* **Aim of the task**: Pictures are to be left out; every line from the one that holds "header image for Animal Crackers" to the end of the data is to be retyped exactly.

==============================

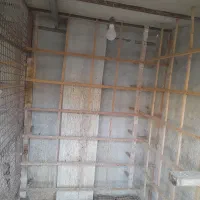 لانه|لوازم جانبی حیوانات|رشت, جانبازان|دیوار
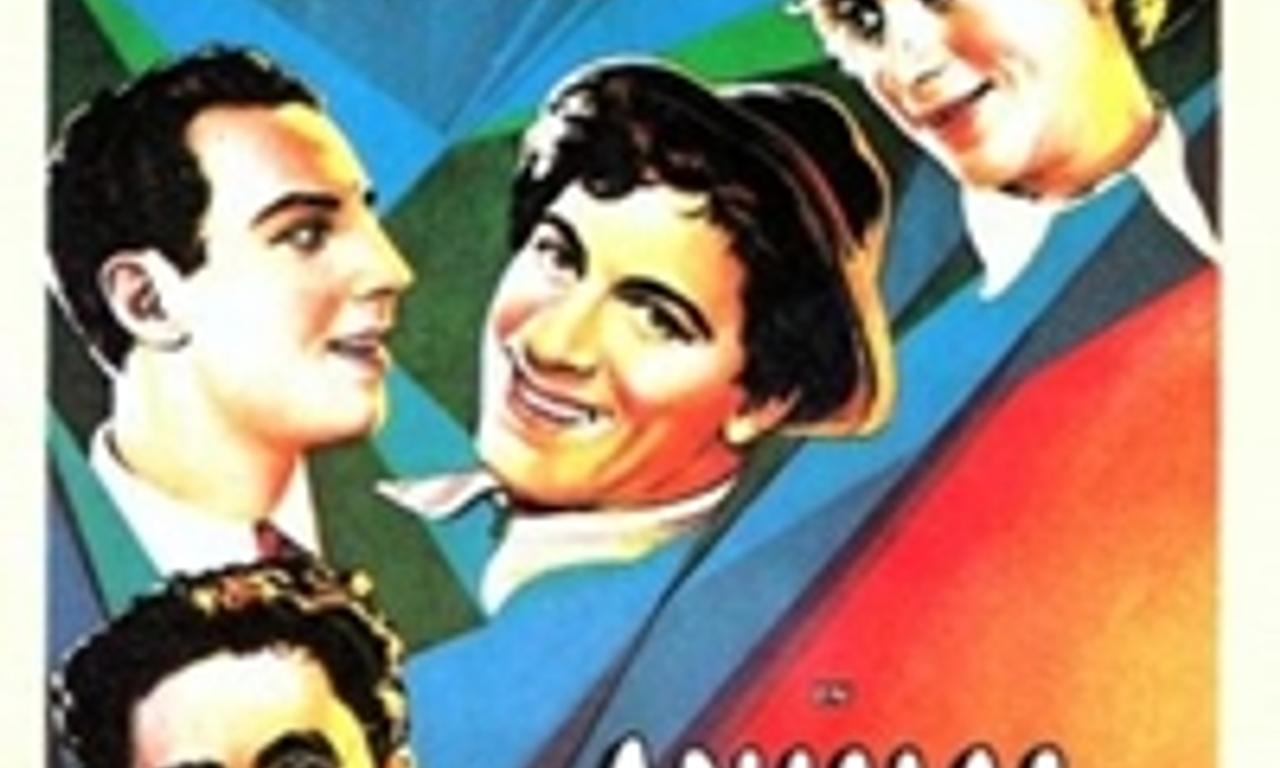 header image for Animal Crackers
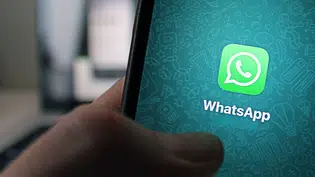 FMS disponibiliza WhatsApp para combater a desinformação sobre vacinas em Teresina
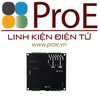Modbus RTU Module (A)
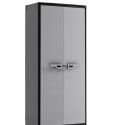 Spinta Titan Multispace Cabinet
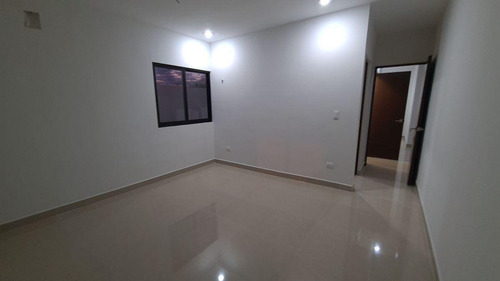 Casa En Venta Merida, San Diego Cutz En Privada, Modelo Min, Preventa A 5 Meses Y Medio.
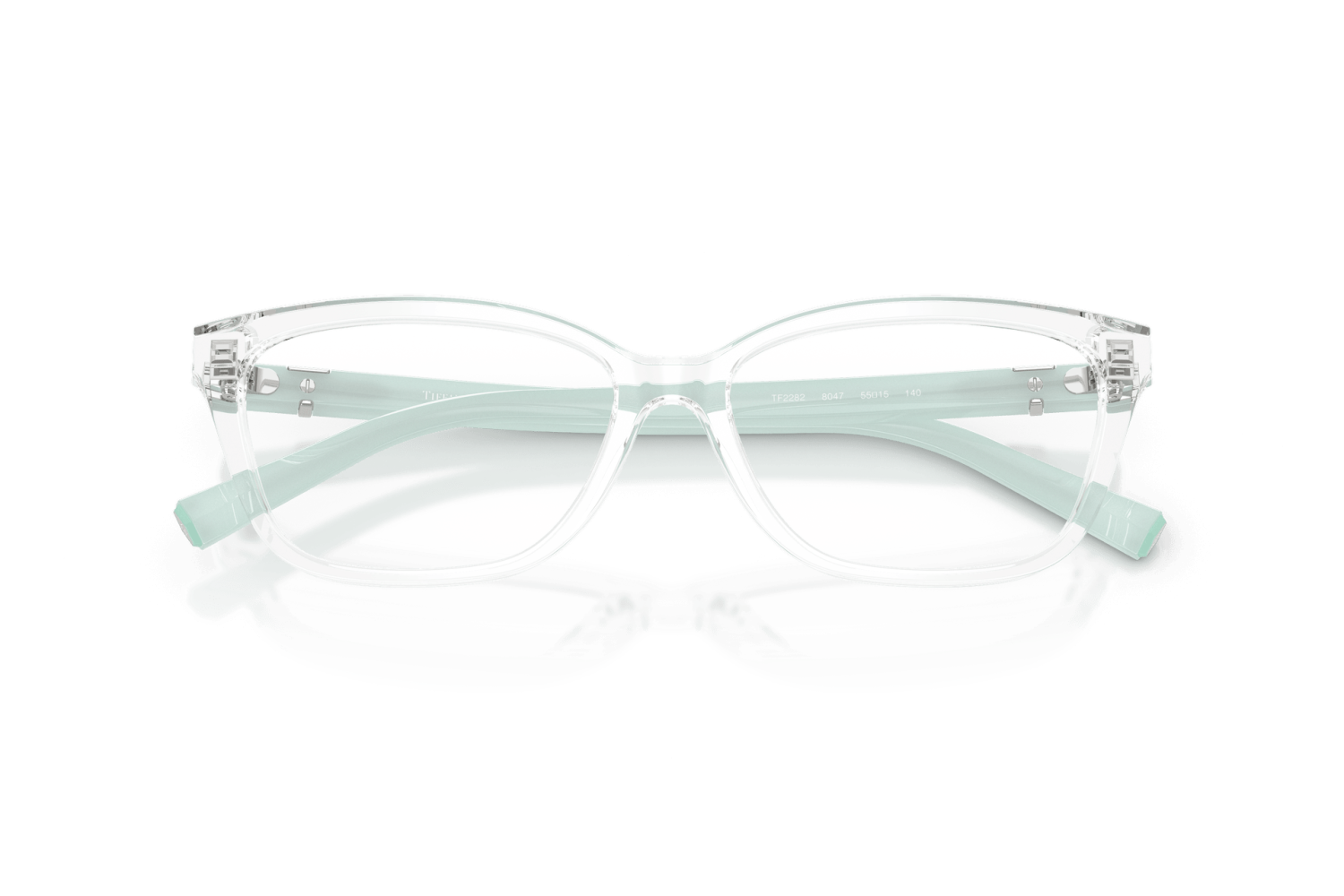 TIFFANY - TF2282 - 8047 - 55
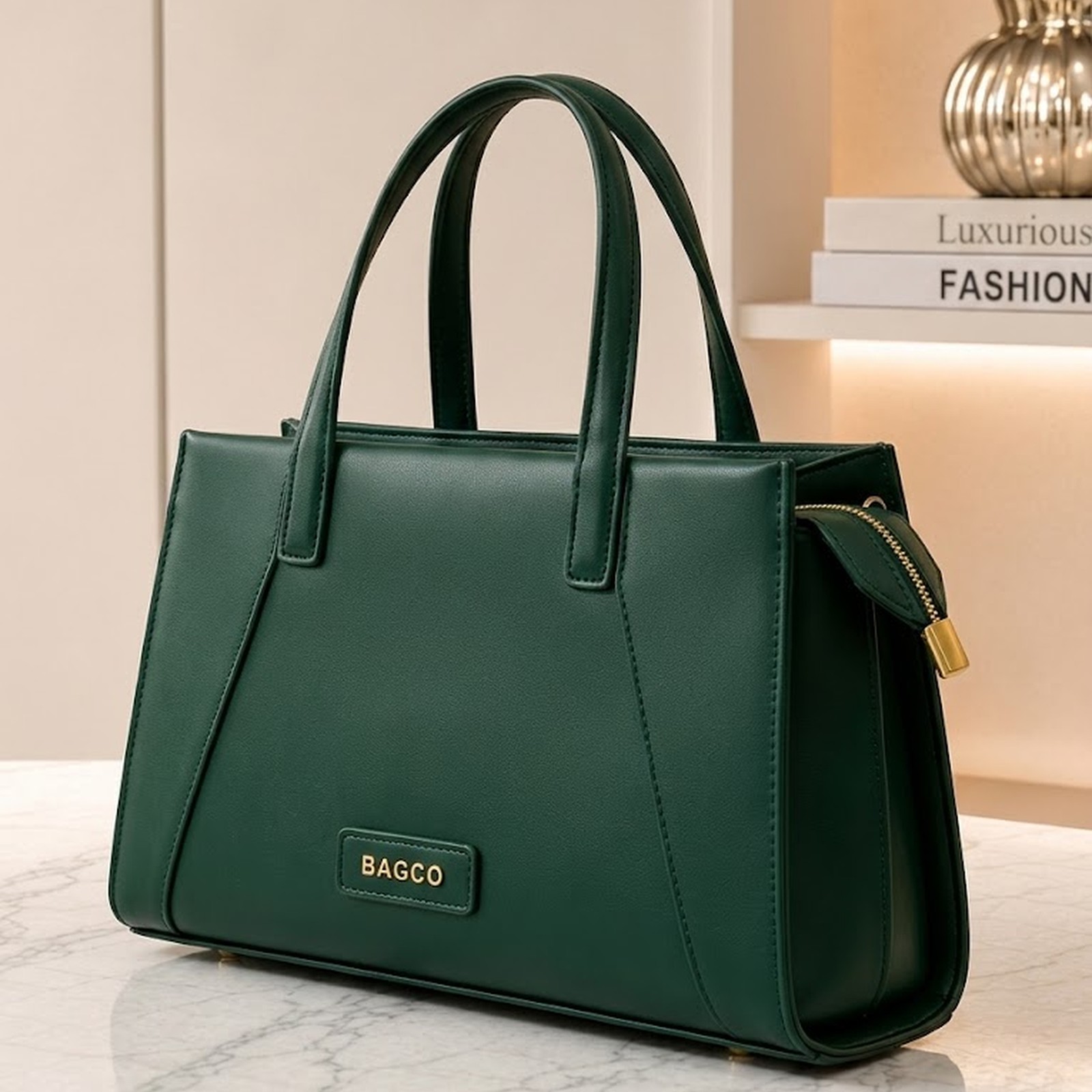 Women Fashionable Bag (PM)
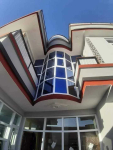Four-room house for sale in District 7, Kabul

==============================

* **Written answer**:
 header image for Animal Crackers
 FMS disponibiliza WhatsApp para combater a desinformação sobre vacinas em Teresina
Modbus RTU Module (A)
 Spinta Titan Multispace Cabinet
 Casa En Venta Merida, San Diego Cutz En Privada, Modelo Min, Preventa A 5 Meses Y Medio.
 TIFFANY - TF2282 - 8047 - 55
 Women Fashionable Bag (PM)
Four-room house for sale in District 7, Kabul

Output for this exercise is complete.